REQUIREMENT –
Each line in the material below, starting at the one with "участок по адресу Польова" and ending at the one with "profile banner image", is to be reproduced exactly; no picture is to be copied.

INPUT DATA –

########################################

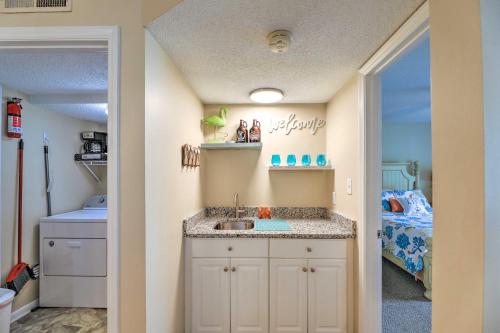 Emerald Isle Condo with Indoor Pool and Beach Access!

########################################

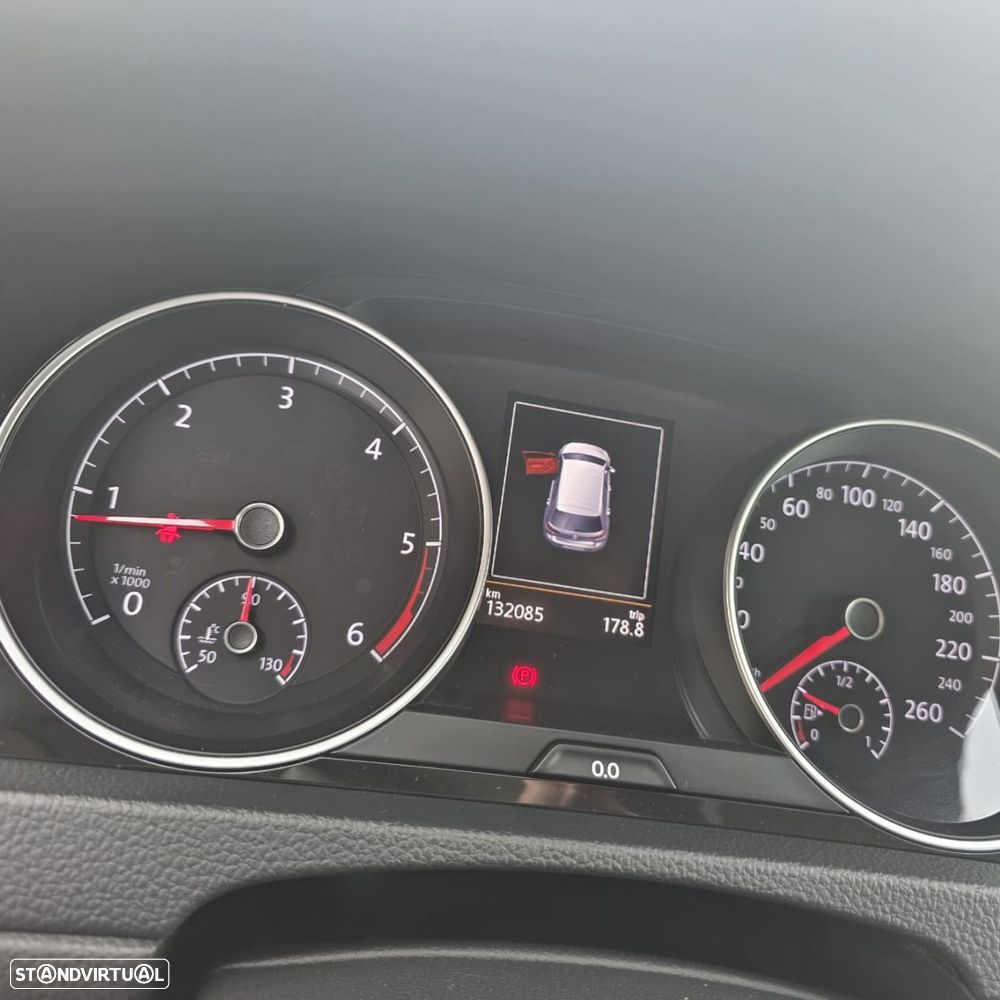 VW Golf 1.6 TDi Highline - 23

########################################

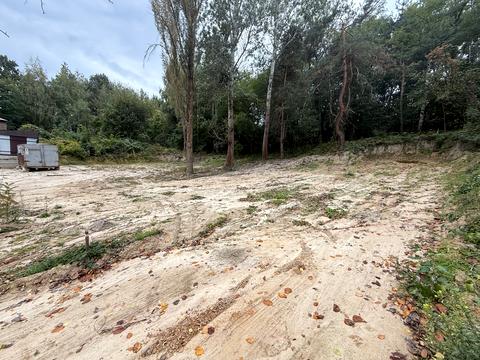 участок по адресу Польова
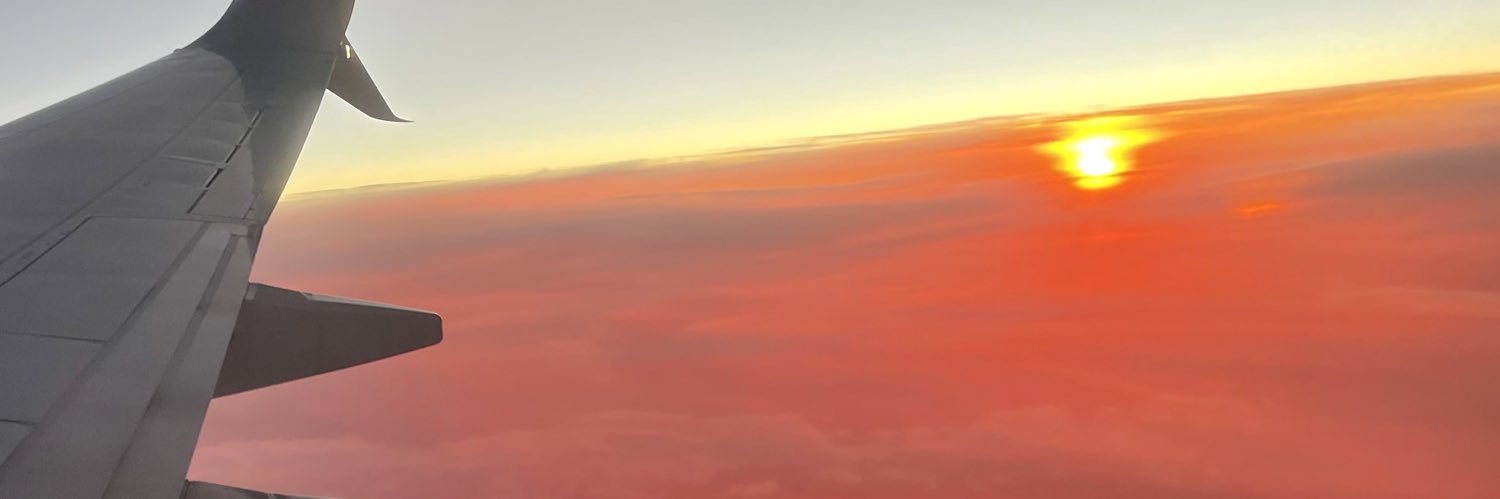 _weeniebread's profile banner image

########################################

OUTPUT OF THE EXERCISE –
 участок по адресу Польова
 _weeniebread's profile banner image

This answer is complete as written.